Salter’s mother was a Pakistani who had married an American decades ago and moved to New York. Her twenty-four-year-old son, Hakim, got it in his head to go teach school in the village where she was born. Taliban came through, but did so without killing or kidnapping Salter, and that got the CIA wondering what was up with that. Allegedly, Salter conspired or aided Taliban soldiers, but as far as I knew, no evidence was ever offered. That was the game nowadays. If you lack evidence, you make allusions and let imagination and fear go to work. Innuendo stands in for truth.

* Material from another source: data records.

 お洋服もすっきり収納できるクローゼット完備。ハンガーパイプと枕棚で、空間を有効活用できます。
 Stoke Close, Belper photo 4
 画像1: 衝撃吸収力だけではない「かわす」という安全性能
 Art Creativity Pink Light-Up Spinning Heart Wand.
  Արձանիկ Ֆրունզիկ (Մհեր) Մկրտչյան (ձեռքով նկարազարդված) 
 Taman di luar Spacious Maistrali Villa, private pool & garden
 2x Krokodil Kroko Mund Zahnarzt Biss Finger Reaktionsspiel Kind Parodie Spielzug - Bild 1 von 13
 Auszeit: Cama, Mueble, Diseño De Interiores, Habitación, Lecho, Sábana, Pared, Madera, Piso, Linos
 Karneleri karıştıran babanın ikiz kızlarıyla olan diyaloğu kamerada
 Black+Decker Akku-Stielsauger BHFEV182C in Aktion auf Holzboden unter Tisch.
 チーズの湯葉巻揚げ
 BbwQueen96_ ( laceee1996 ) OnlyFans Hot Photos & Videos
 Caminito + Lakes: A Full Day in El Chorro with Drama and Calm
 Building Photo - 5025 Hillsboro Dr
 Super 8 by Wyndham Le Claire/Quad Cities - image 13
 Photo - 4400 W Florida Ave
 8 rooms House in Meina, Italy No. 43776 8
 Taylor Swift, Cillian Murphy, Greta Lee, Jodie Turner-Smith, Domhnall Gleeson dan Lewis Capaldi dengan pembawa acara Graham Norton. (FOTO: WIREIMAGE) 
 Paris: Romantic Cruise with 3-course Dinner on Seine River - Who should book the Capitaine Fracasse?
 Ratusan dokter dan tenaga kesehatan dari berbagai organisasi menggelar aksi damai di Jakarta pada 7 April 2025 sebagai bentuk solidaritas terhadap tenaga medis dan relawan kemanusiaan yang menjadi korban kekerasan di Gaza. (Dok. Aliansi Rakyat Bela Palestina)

Officially, Hakim Salter was unlucky collateral damage in a drone strike on Taliban terrorists. Off the record, a different story was leaked to quiet the media. That version said Salter’s pilgrimage to his mother’s birthplace was far from innocent. Those whispers inflamed the family. They went to the New York Times and found an ambitious reporter who was interested enough, and for a news cycle or two, the NYT reporter’s article on Salter’s death was national news.

“I was on trigger, ready to go, but they made us wait until the kid came back into the courtyard.”

“They wanted you to wait for Salter?”

“You got it. We circled and waited. I saw his mom crying on CNN. She said he was over there staying with her relatives and was friendly to Taliban fighters so they wouldn’t kill him. Maybe they would have or kidnapped him, but I’m pretty sure he was there trying to do good. I took him out with a badass missile called Special K. That’s what fucked me up, Grale. No, that’s not what did me, but it was the one that put me over. Those Taliban were my last recorded kills. Up the chain they would have counted Salter, too, if they could have.”

“Salter was in the wrong place at the wrong time.”

“I know you, G-man, you don’t believe that shit. Bottom line is, we took out an American without any real proof of anything, and I compromised myself.”

“Come on, you lived with collateral damage for a long time.”

“Hakim Salter wasn’t collateral damage. He got wasted because it was convenient. They had questions about him, and taking him out was easier than keeping track of him. Check it out with Phil Ramer if you don’t believe me.”

“I don’t know a Phil Ramer. Who is he?”

“An Aussie pilot we were training. He was on sensor, meaning he was operating the laser targeting. It’s how a launch works. Ask Captain Kern tonight what really happened.”

Beatty pulled the flash drive out of the laptop and handed it to me.

“There’s more tape of surveillance here on this.”

“I’ll watch it.”

I slipped the memory stick into my pocket and walked out to my car. From the deck railing, Beatty called, “Happy Fourth of July, G-man! I’m buying dinner at that steak place next time I see you. I’ll call you.”

When I turned onto North Las Vegas Boulevard I was less than fifteen minutes from the Alagara. I could easily have waited until the party to talk with Jim about Hakim Salter, or taken it up another day and left the holiday a holiday, but I brought up Jim’s number and called.





2


“Where are you, bud? Melissa just asked me to find you.”

Jim laughed. He liked the idea of my older sister locking in on me. He probably visualized a target.

“She’s saying you promised to make it on time this year.”

“I’m ten minutes from you. I had to make a stop. Save me a beer.”

“What stop could be more important than this party?”

Jim sounded upbeat. I heard laughter and voices in the background, the party well under way.

“I checked on Beatty. He sent me a suicide text last night.”

“And you texted back and left him messages and didn’t hear from him today, so you stopped by.”

“That’s about right. I just left Wunderland.”

“You’re his backstop. He knows you’ll check on him. It’s time to break the cycle. I hear his business is working, and he’s making good money.” After a beat he added, “You know he’s invited to this party.”

“Yeah, he said he would have come this year but has a new job starting in the morning.”

“That’s bullshit.”

“It’s pride. He doesn’t want to stand around with pilots he flew with and chat about teaching farmers how to fly agricultural drones.”

“Whatever. He needs to get over it. They’re still his friends. It’s time to leave that refugee camp he lives in.”